Secondo Legrain l’immigrazione è ciò di cui i paesi europei hanno bisogno per diminuire il debito pubblico, invertire la tendenza del loro declino demografico e rafforzare più in generale un continente vecchio e in crisi.Senza l’immigrazione, la forza lavoro dell’Unione Europa – che nel 2010 era pari a 336 milioni di persone – scenderà a 300 milioni nel 2030, mentre il numero di persone con più di 65 anni salirà nello stesso periodo da 87 milioni a 123 milioni.
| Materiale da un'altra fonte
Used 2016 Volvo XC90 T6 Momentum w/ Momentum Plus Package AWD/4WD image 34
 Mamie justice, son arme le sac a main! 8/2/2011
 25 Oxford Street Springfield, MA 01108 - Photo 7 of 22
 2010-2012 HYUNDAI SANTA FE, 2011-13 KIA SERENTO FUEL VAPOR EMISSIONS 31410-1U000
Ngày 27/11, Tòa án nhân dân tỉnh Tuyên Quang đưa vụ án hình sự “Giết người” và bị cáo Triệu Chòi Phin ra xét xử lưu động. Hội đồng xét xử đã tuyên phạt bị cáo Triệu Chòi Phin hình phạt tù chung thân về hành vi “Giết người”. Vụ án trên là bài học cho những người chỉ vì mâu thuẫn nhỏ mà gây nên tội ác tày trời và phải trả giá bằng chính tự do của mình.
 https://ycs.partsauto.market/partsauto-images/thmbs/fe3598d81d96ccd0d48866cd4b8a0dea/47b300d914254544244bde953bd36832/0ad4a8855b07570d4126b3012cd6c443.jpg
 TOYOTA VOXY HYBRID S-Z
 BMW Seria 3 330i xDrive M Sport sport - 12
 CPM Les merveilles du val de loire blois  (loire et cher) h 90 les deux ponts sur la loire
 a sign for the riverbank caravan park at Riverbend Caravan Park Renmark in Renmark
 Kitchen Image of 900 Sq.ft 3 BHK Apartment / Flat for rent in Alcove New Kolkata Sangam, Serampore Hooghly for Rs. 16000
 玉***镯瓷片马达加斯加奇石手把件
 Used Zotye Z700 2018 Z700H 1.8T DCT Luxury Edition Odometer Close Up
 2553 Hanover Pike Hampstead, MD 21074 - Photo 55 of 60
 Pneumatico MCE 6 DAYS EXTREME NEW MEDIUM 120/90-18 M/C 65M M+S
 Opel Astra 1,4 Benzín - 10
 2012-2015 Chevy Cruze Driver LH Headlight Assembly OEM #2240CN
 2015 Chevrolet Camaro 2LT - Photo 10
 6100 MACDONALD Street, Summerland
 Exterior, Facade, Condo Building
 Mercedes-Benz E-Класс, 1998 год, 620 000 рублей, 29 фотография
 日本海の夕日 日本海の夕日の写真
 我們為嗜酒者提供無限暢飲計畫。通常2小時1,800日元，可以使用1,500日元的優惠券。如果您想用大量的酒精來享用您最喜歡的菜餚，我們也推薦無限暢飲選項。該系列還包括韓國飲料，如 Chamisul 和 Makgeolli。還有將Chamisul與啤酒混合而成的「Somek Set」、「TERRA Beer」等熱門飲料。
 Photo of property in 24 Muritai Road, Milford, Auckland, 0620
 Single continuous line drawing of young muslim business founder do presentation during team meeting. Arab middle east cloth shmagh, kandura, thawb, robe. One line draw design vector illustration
Anziché essere una minaccia per il welfare degli stati dell’Europa, un aumento dell’immigrazione renderebbe più sostenibile l’economia degli stati europei. Le tasse pagate dagli immigrati aiuterebbero anche a diminuire il debito pubblico degli stati europei, che attualmente è di 25mila euro per abitante. Un aumento del 10 per cento della popolazione europea ridurrebbe il debito pro capite di ogni cittadino europeo circa 2.300 euro.